*** Opening of DATASET ***

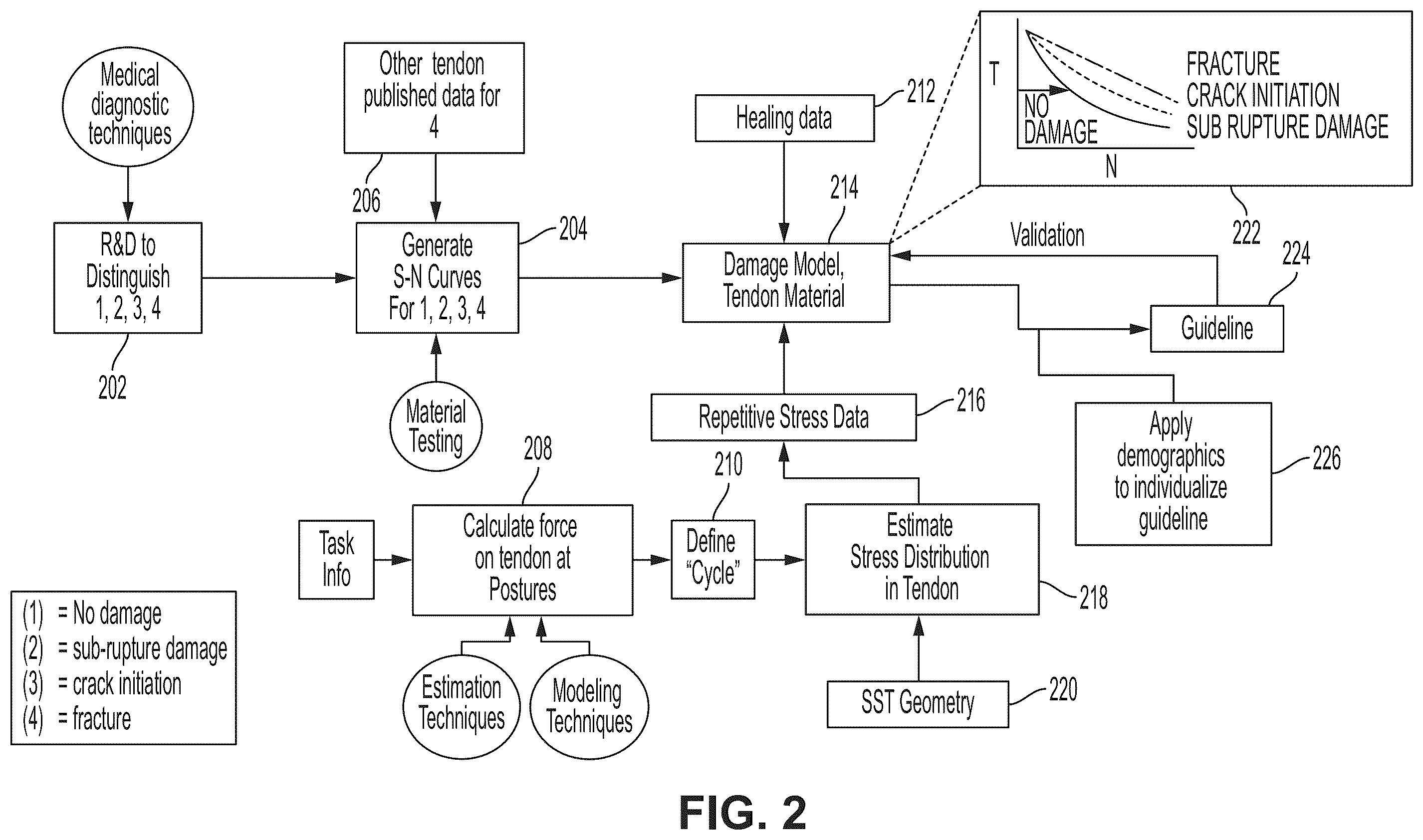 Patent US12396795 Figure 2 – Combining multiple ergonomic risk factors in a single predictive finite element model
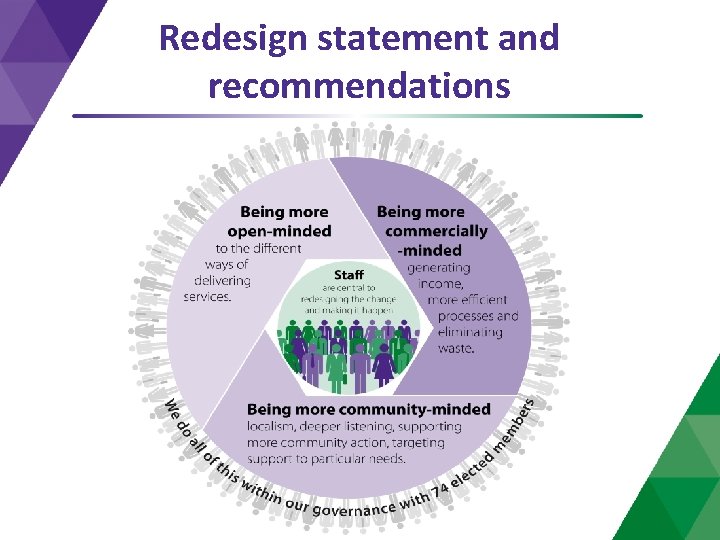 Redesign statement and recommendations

*** Close of DATASET ***
*** Opening of DATASET ***

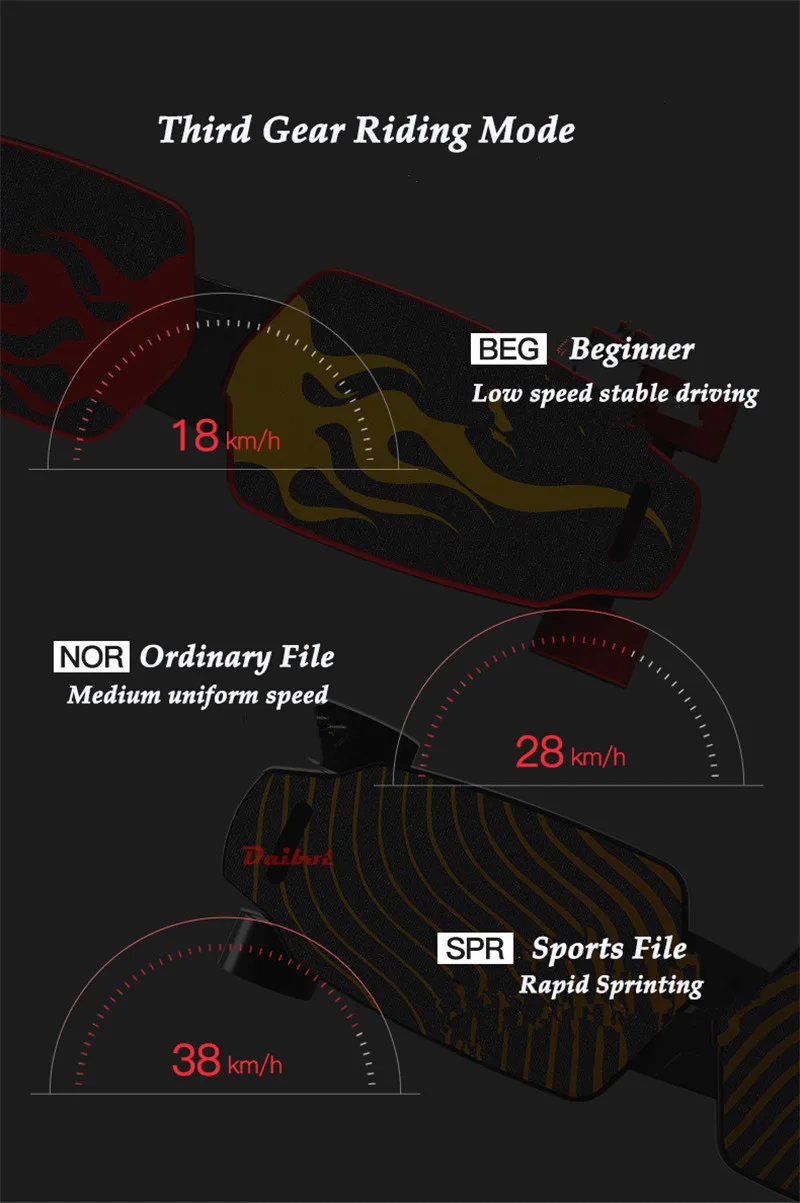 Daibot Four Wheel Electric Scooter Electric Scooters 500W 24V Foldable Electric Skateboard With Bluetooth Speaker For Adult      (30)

*** Close of DATASET ***

### ACTIVITY
The result should be an exact copy of only the lines above from the one that holds "Patent US12396795 Figure" through the one that holds "Redesign statement and recommendations", both ends included, without pictures.

### WRITTEN RESPONSE
 Patent US12396795 Figure 2 – Combining multiple ergonomic risk factors in a single predictive finite element model
 Redesign statement and recommendations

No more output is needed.